PM: Fragliche Entwicklungen im Bereich der sozialen Migrations- und Integrationspolitik im Landkreis Leipzig

Wie in den vergangenen Pressemitteilungen dargestellt, sind die jüngsten Ereignisse im Landkreis Leipzig für den Runden Tisch Migration mehr als fragwürdig. So beschloss der Landkreis Leipzig mit seiner Stellenausschreibung zur Flüchtlingssozialarbeit (FSA) vom 08.11.2018 offiziell die direkte Angliederung der FSA an das Ausländeramt. Lediglich der Bereich des Los 2 wird von der Johanniter Unfallhilfe aus Leipzig übernommen. Eine unabhängige Sozialberatung über freie Träger wird nunmehr für den größten Bereich des Landkreises abgeschafft. Die langjährig aufgebauten Strukturen und Netzwerke der Flüchtlingssozialarbeit in freier Trägerschaft werden zerschlagen.

Ausgelöst wurde diese Entwicklung durch ein intransparentes Ausschreibungsverfahren, welches der Runde Tisch bereits im Juli aus verschiedenen sozialpädagogischen, sowie arbeits- und datenschutzrechtlichen Gründen kritisierte (vgl.
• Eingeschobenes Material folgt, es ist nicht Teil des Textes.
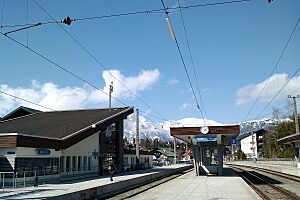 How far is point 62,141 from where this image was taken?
3011cm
PM vom 31.10.2018). Anstatt mit den bisherigen Trägern an einer den aktuellen Bedingungen angepassten Ausgestaltung der FSA zu arbeiten, wurden die bestehenden Verträge zum 31.12.2018 gekündigt. Aufgrund unüberbrückbarer Diskrepanzen zwischen den Vorstellungen der Beratungspraxis seitens des Landratsamtes und den üblichen Standards Sozialer Arbeit kam es daraufhin zu einem kollektiven Nichtbewerben der aktuellen Träger der FSA.

Anders als vom Landkreis dargestellt, hätte diese Situation durch eine freihändige und kleinteilig rechtmäßige Vergabe an die bekannten lokalen Träger durchaus abgewendet werden können. Bisher war der Vergabewillen im Landkreis Leipzig an unabhängige freie Träger seitens des Landratsamtes vorhanden, nun fehlt dieser, wodurch die FSA nicht gemäß dem Subsidiaritätsprinzip aus öffentlicher Hand abgegeben wird und die Augen vor der berechtigten Kritik von Fachkräften, die seit mehreren Jahren in diesem Bereich Erfahrungen gesammelt haben, verschlossen werden. Dies ist für den Runden Tisch Migration nicht nachvollziehbar.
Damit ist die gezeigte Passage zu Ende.